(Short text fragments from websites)

*** Block opens ***

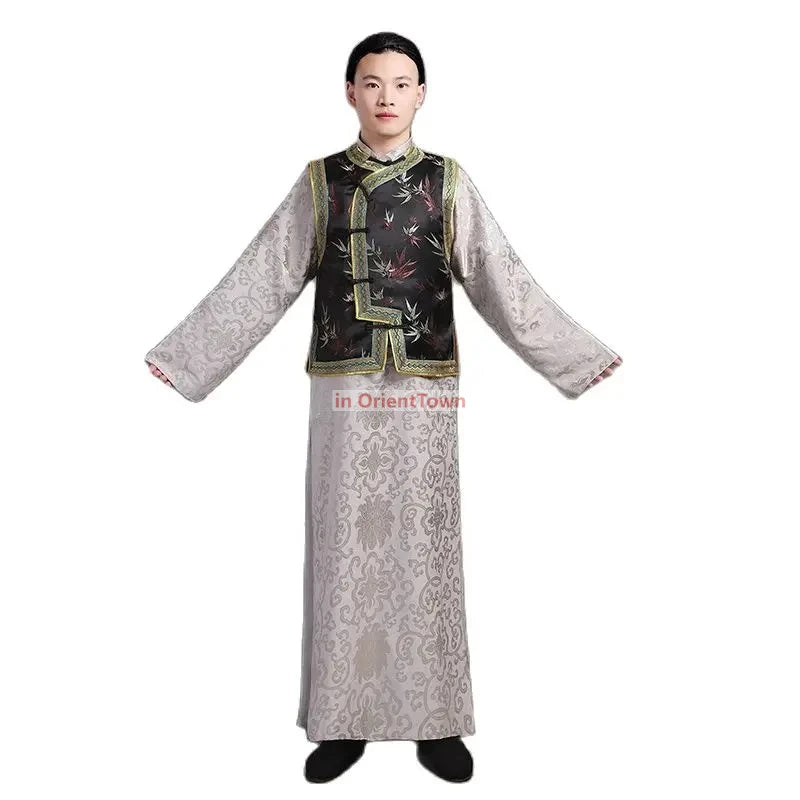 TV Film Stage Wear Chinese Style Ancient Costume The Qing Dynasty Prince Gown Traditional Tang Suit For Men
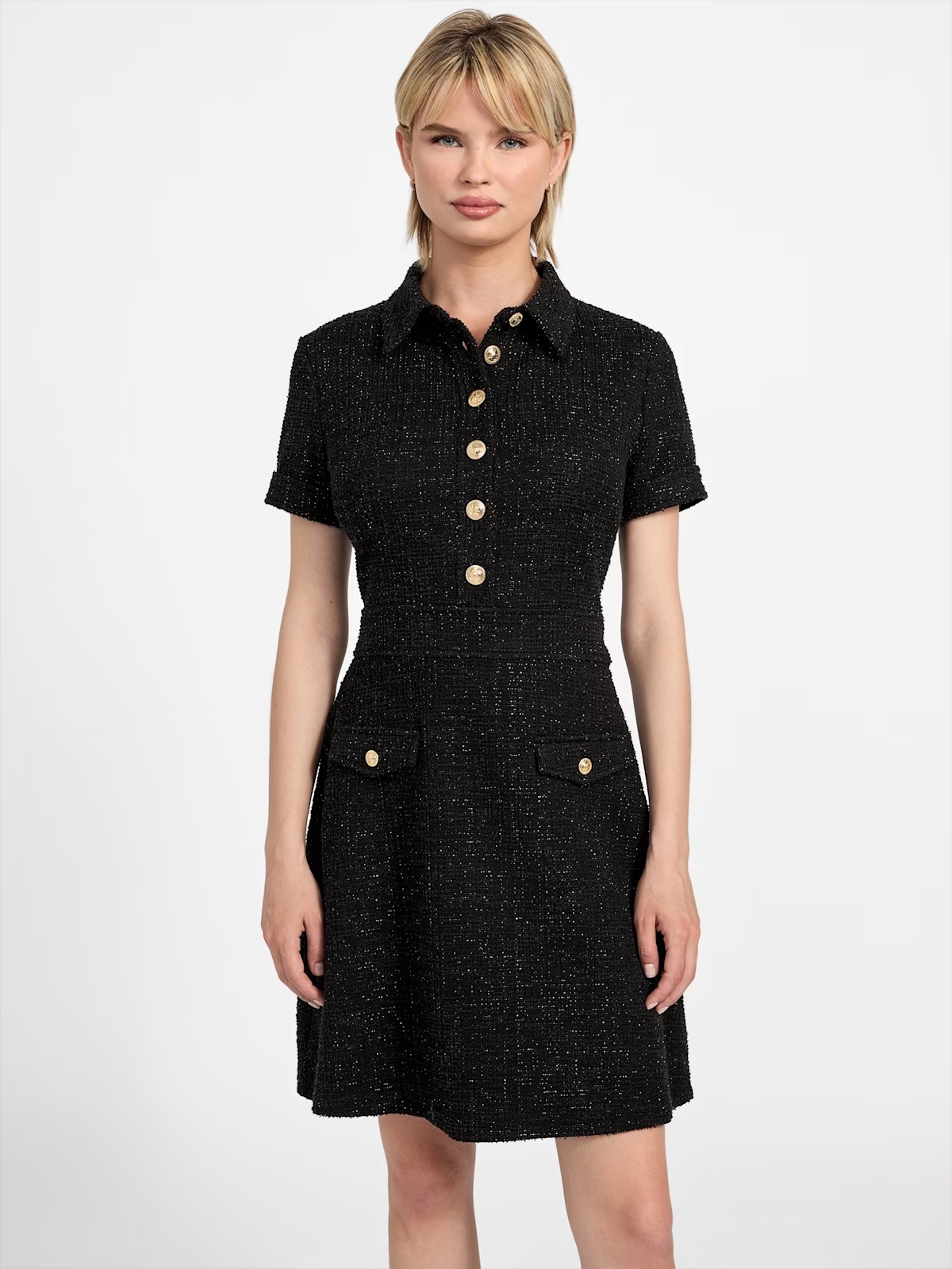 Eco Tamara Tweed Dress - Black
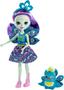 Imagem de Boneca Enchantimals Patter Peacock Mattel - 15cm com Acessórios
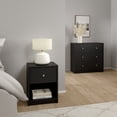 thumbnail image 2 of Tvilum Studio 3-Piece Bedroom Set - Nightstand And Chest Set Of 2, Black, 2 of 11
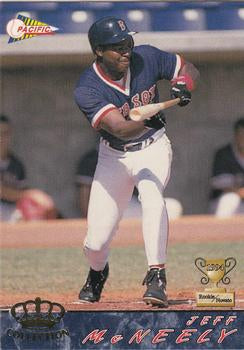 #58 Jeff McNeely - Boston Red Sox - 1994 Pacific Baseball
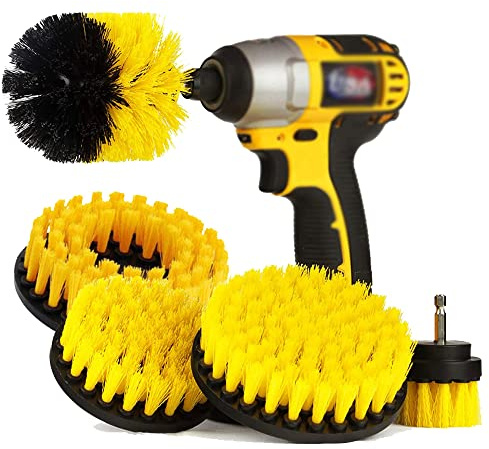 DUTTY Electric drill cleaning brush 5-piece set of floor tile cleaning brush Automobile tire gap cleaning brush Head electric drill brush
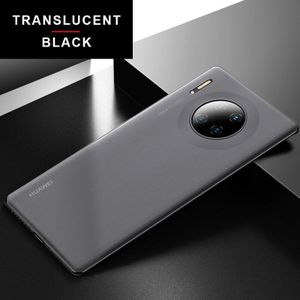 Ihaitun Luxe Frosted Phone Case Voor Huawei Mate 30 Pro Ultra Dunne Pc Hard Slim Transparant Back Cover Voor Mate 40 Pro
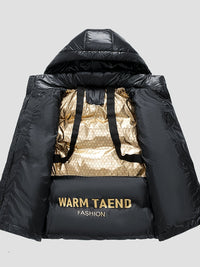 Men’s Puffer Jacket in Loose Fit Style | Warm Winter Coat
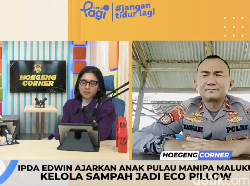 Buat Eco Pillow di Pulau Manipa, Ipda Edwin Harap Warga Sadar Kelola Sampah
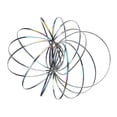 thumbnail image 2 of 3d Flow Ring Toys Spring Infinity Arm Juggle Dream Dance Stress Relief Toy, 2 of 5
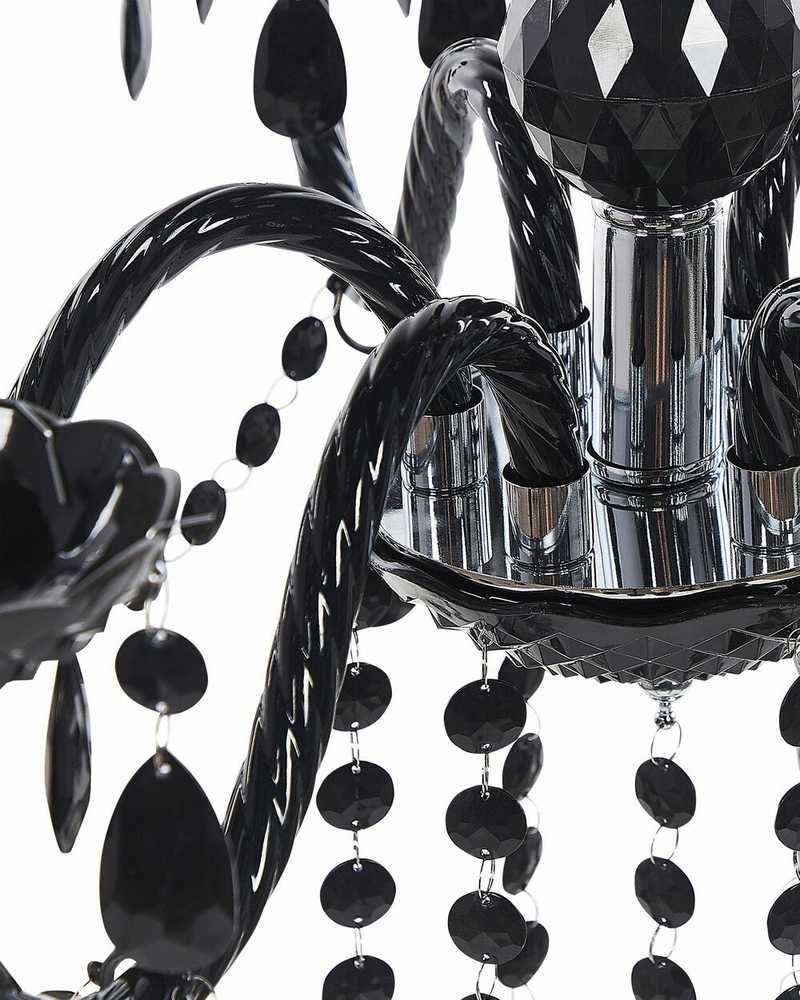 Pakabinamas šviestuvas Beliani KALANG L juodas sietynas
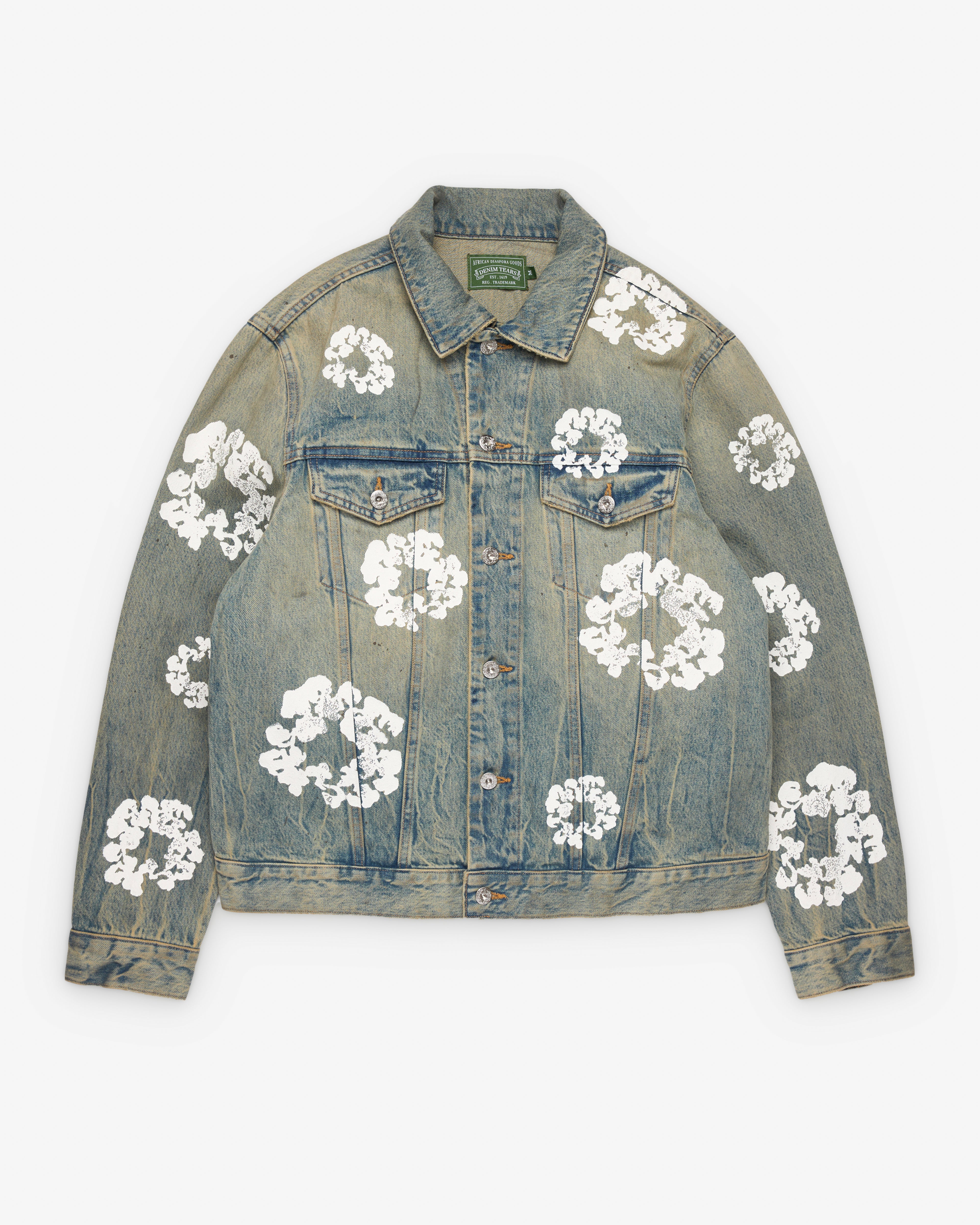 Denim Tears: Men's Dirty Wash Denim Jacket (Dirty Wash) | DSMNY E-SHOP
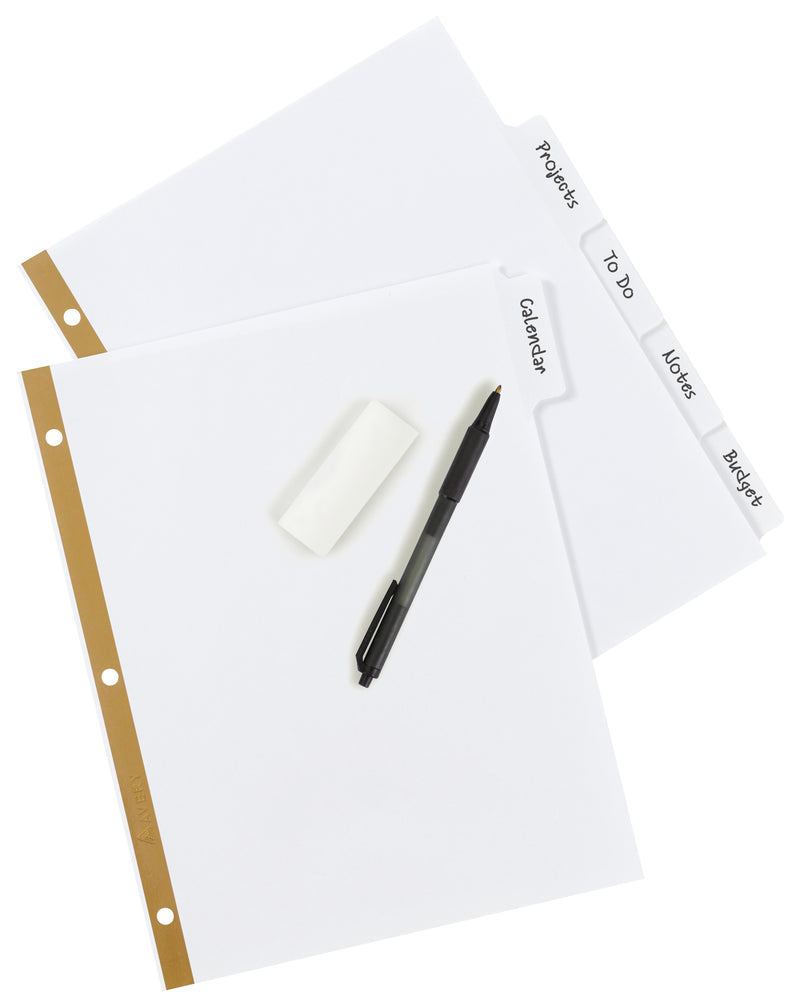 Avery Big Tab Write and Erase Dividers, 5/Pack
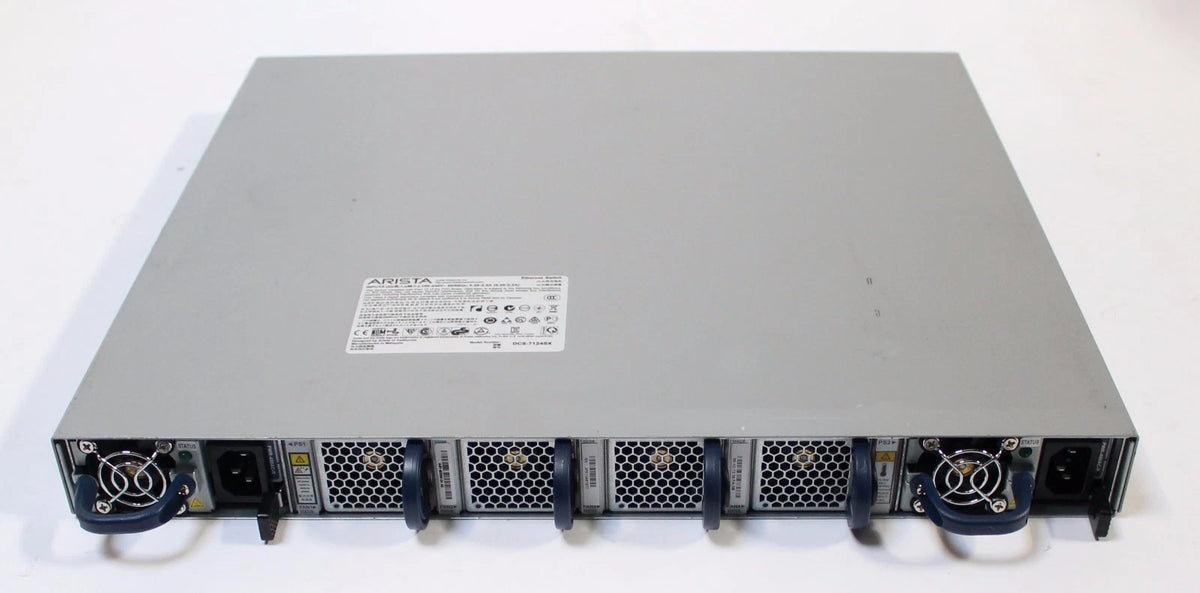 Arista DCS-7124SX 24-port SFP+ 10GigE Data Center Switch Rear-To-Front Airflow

*** Block closes ***

◆ **TASK DIRECTIONS**: Reproduce only the lines running from the beginning of the entries above to the line holding "thumbnail image 2 of Tvilum", inclusive. Pictures stay out of the copy.

◆ **ANSWER BOX**:
 TV Film Stage Wear Chinese Style Ancient Costume The Qing Dynasty Prince Gown Traditional Tang Suit For Men
 Eco Tamara Tweed Dress - Black
 Imagem de Boneca Enchantimals Patter Peacock Mattel - 15cm com Acessórios
 thumbnail image 2 of Tvilum Studio 3-Piece Bedroom Set - Nightstand And Chest Set Of 2, Black, 2 of 11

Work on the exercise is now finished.